## WORK REQUEST:
Only the lines below from the one that holds "Blue Hydrangea Luxury" through the one that holds "ENJOY TEXT WITH" should appear in the answer, copied exactly, end lines included and pictures omitted.

## INPUT RECORDS:
▽
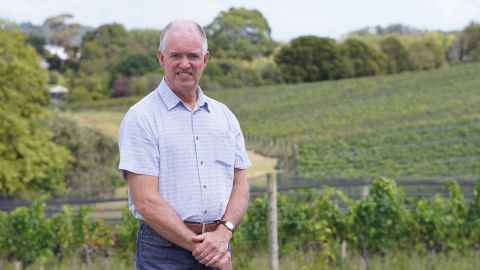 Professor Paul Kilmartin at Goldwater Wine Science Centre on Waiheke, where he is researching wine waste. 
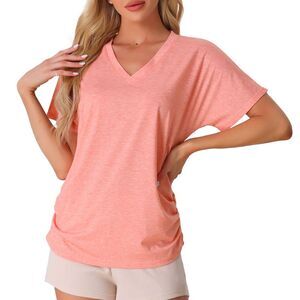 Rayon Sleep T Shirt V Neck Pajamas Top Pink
△
▽
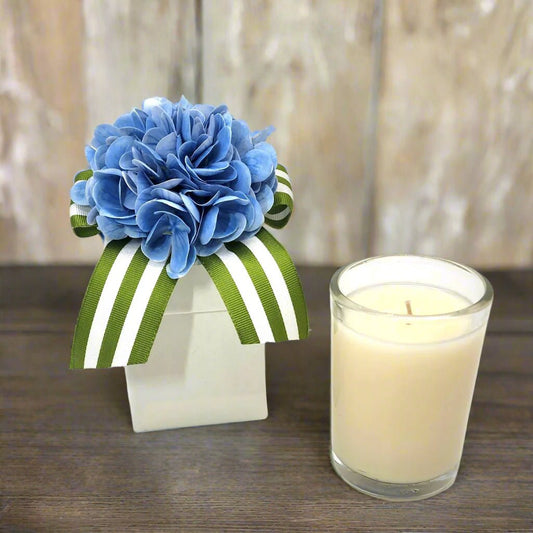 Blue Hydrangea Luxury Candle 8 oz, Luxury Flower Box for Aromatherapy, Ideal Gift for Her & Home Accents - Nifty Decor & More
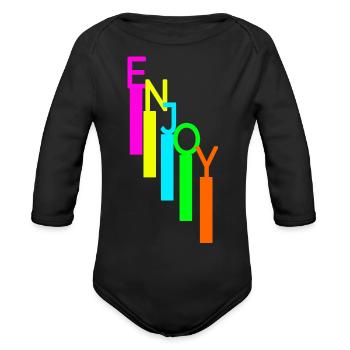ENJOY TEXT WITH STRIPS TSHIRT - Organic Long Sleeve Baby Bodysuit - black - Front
△
## SOLUTION FOR THIS PROBLEM:
 Blue Hydrangea Luxury Candle 8 oz, Luxury Flower Box for Aromatherapy, Ideal Gift for Her & Home Accents - Nifty Decor & More
ENJOY TEXT WITH STRIPS TSHIRT - Organic Long Sleeve Baby Bodysuit - black - Front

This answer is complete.